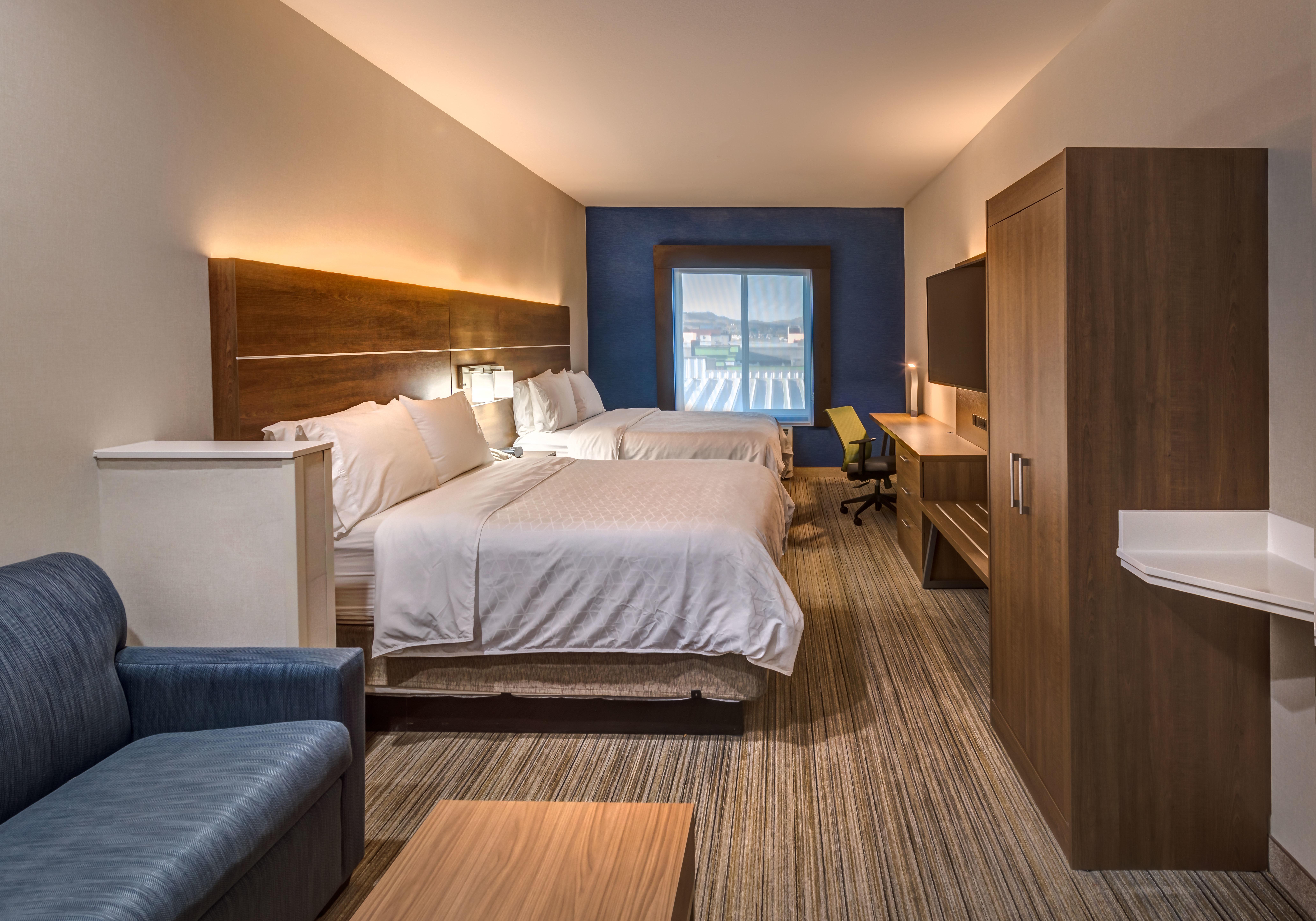 Holiday Inn Express Reno Airport By Ihg Exterior photo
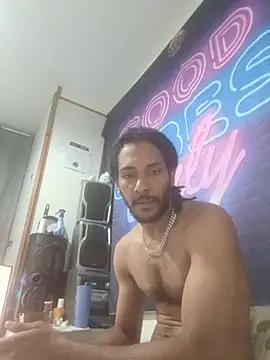 Show de Mikaaa97 na webcam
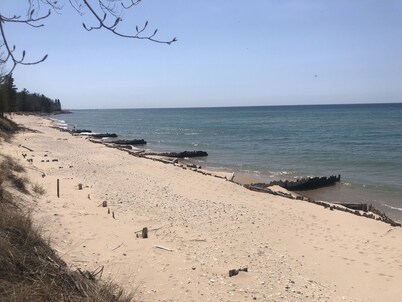 Sandy Beach! Sunset Cottage on Lake Michigan, Arcadia, firepit.  Dog ok.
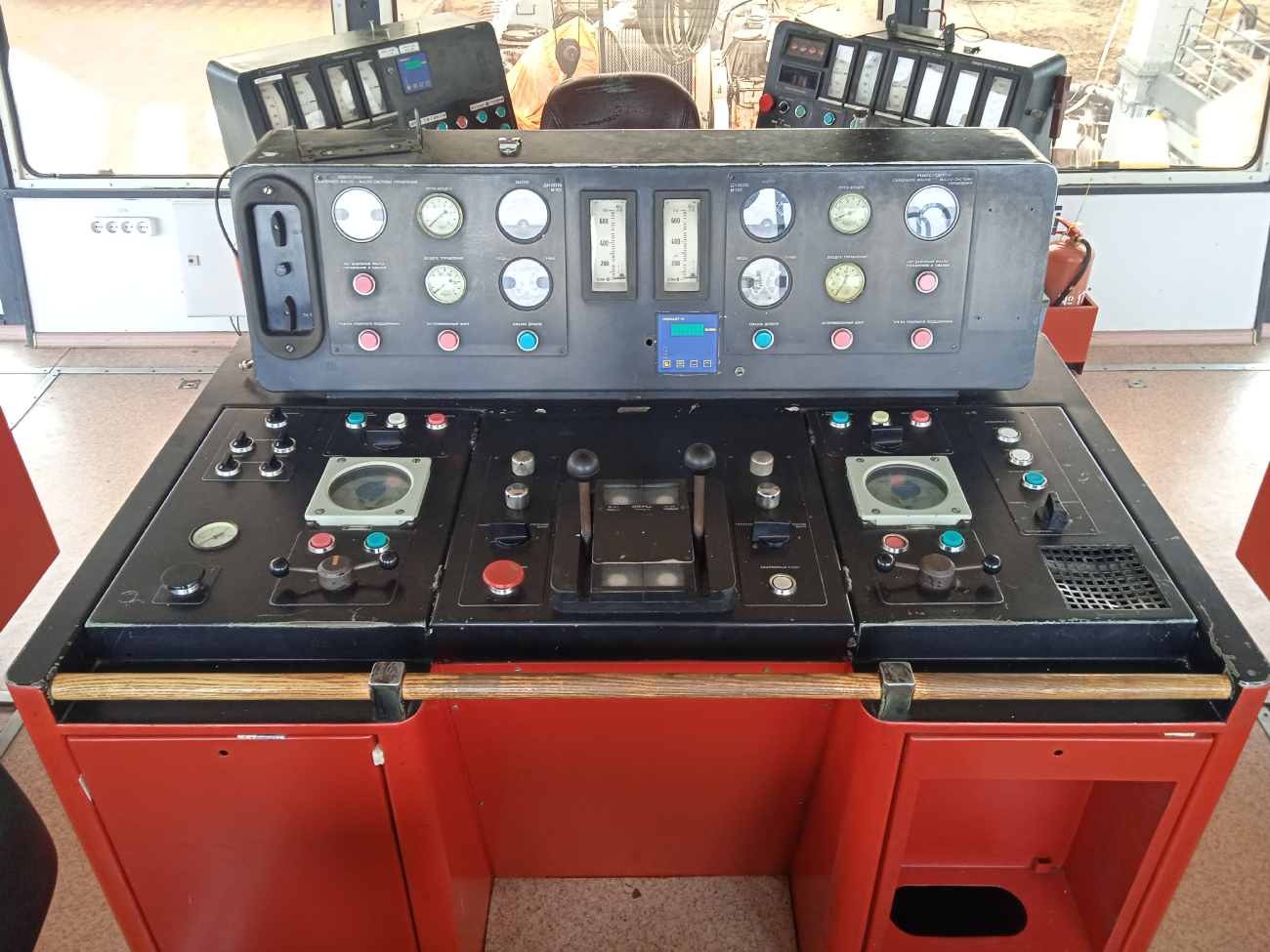 Аган. Wheelhouses, Control panels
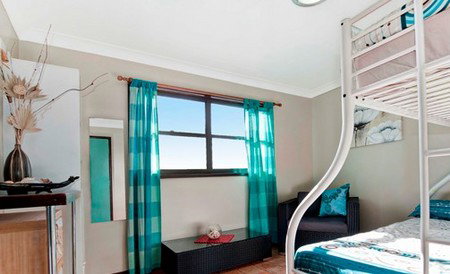 Blacksmiths Beach House - Sydneys Hotel 3
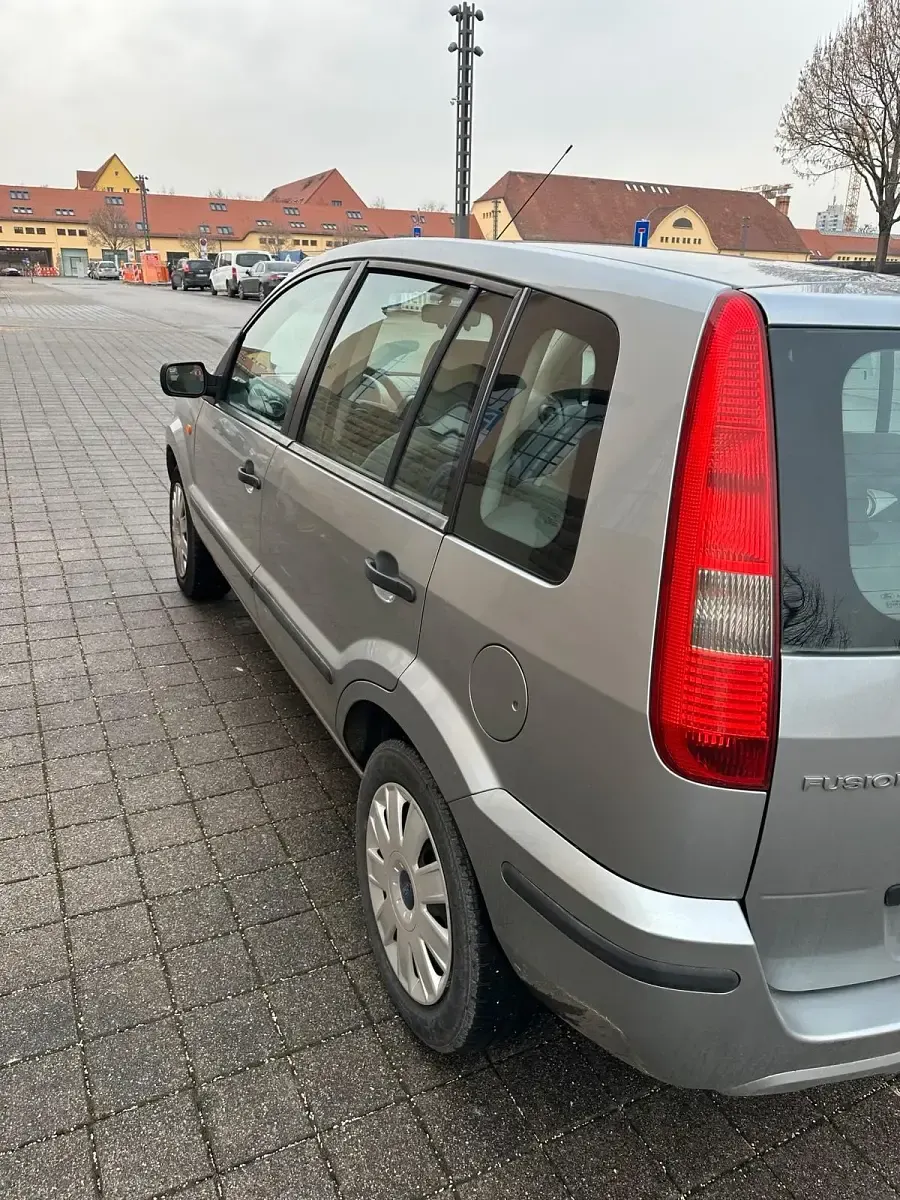 Gebraucht Ford Fusion 80 PS (58 kW) 2005 Grau Kleinwagen
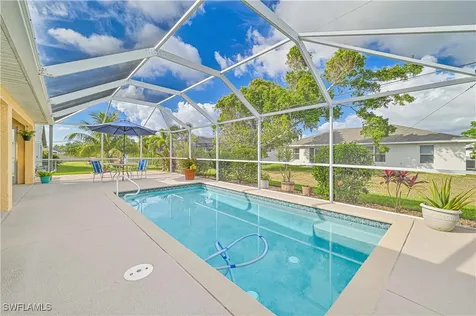 1427 SW 38th Terrace Cape Coral FL 33914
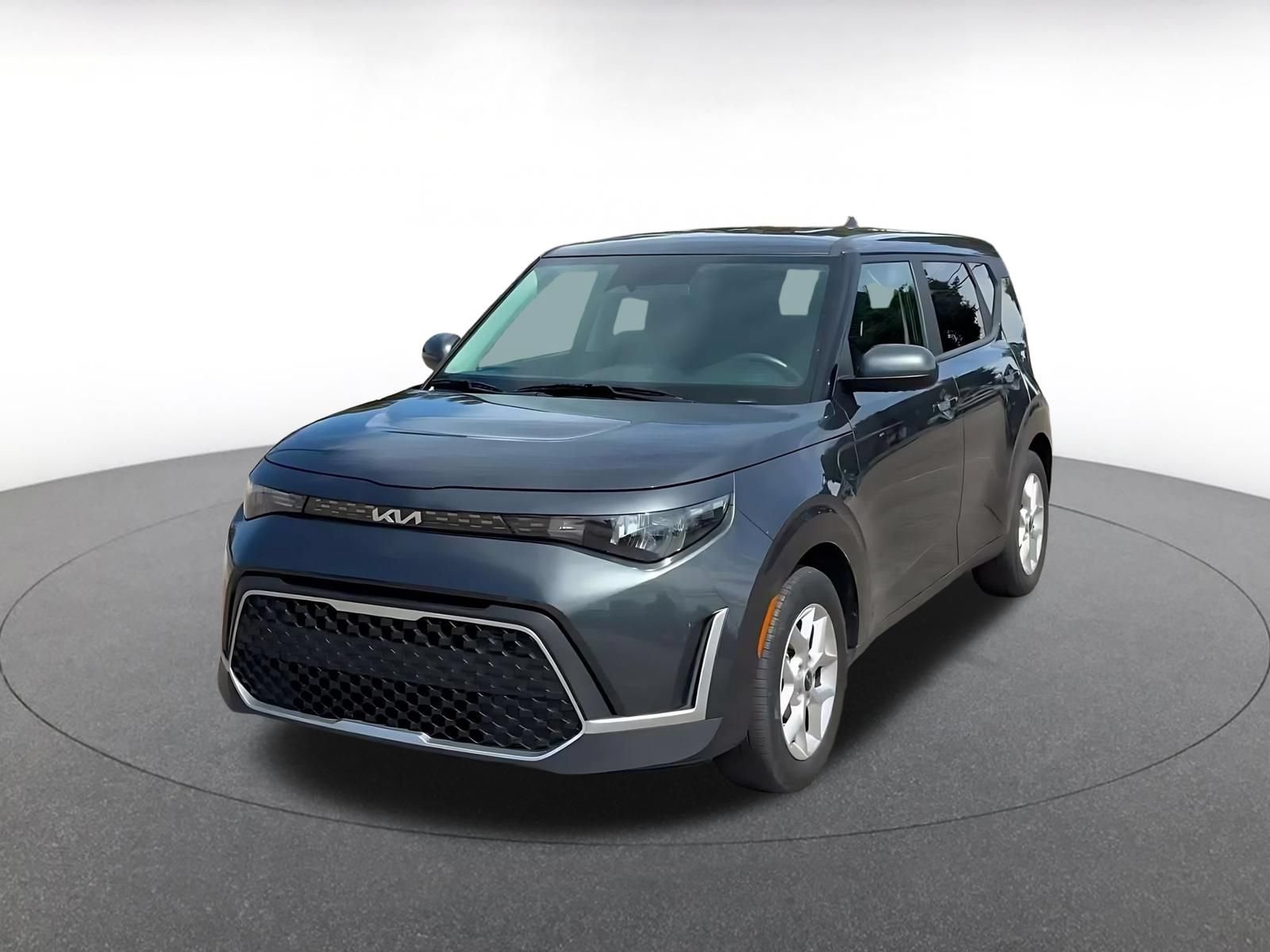 Used 2025 Kia Soul LX w/ LX Technology Package FWD image 6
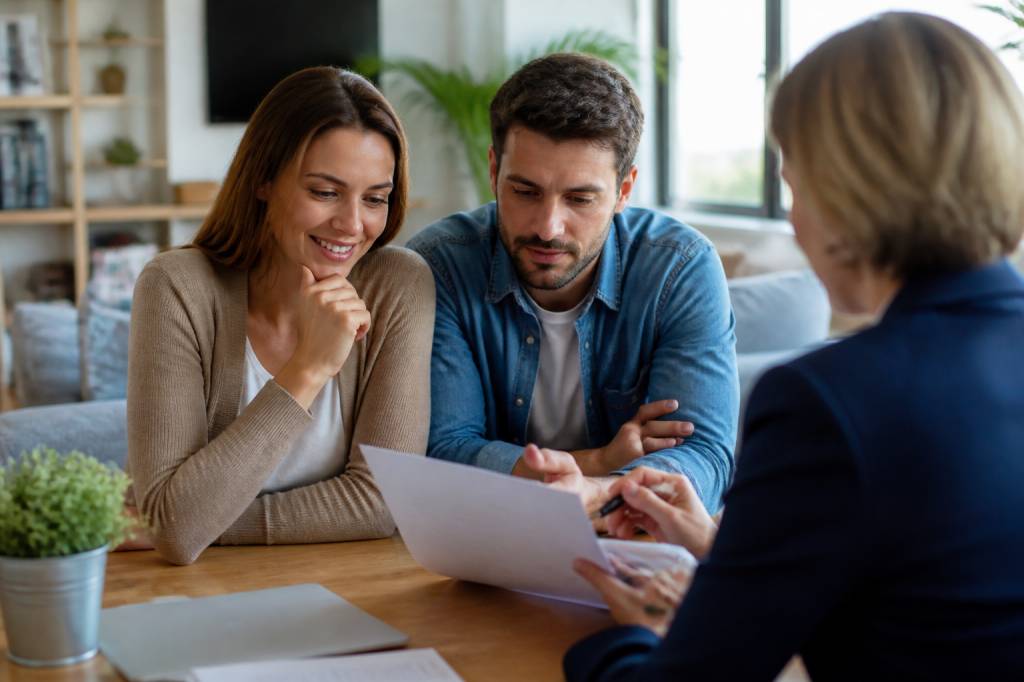 Acheter comptant : avantages, inconvénients et stratégies pour optimiser son patrimoine
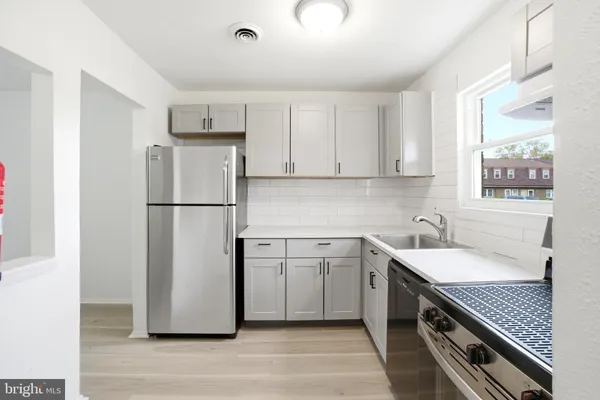 $1,900 | 1137 Kaye Court, Burlington, NJ 08016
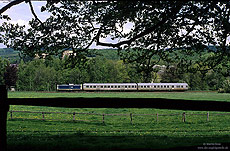 212 314 mit zwei Silberlingen als N6120 nach Fröndenberg beim Haltepunkt Buchenwäldchen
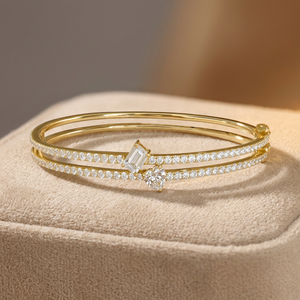 Pulseras de Oro de 18K para Mujer con Colgante de Corazón de Diamante Corte Esmeralda y Zirconia Engastada en Canal, Joyería de Moda - Product Image 4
____
PROBLEM REQUIREMENTS
Print the records above verbatim, minus any pictures.

ANSWER AREA
 Holiday Inn Express Reno Airport By Ihg Exterior photo
 Show de Mikaaa97 na webcam
 Sandy Beach! Sunset Cottage on Lake Michigan, Arcadia, firepit.  Dog ok.
 Аган. Wheelhouses, Control panels
 Blacksmiths Beach House - Sydneys Hotel 3
 Gebraucht Ford Fusion 80 PS (58 kW) 2005 Grau Kleinwagen
 1427 SW 38th Terrace Cape Coral FL 33914
 Used 2025 Kia Soul LX w/ LX Technology Package FWD image 6
 Acheter comptant : avantages, inconvénients et stratégies pour optimiser son patrimoine
 $1,900 | 1137 Kaye Court, Burlington, NJ 08016
 212 314 mit zwei Silberlingen als N6120 nach Fröndenberg beim Haltepunkt Buchenwäldchen
 Pulseras de Oro de 18K para Mujer con Colgante de Corazón de Diamante Corte Esmeralda y Zirconia Engastada en Canal, Joyería de Moda - Product Image 4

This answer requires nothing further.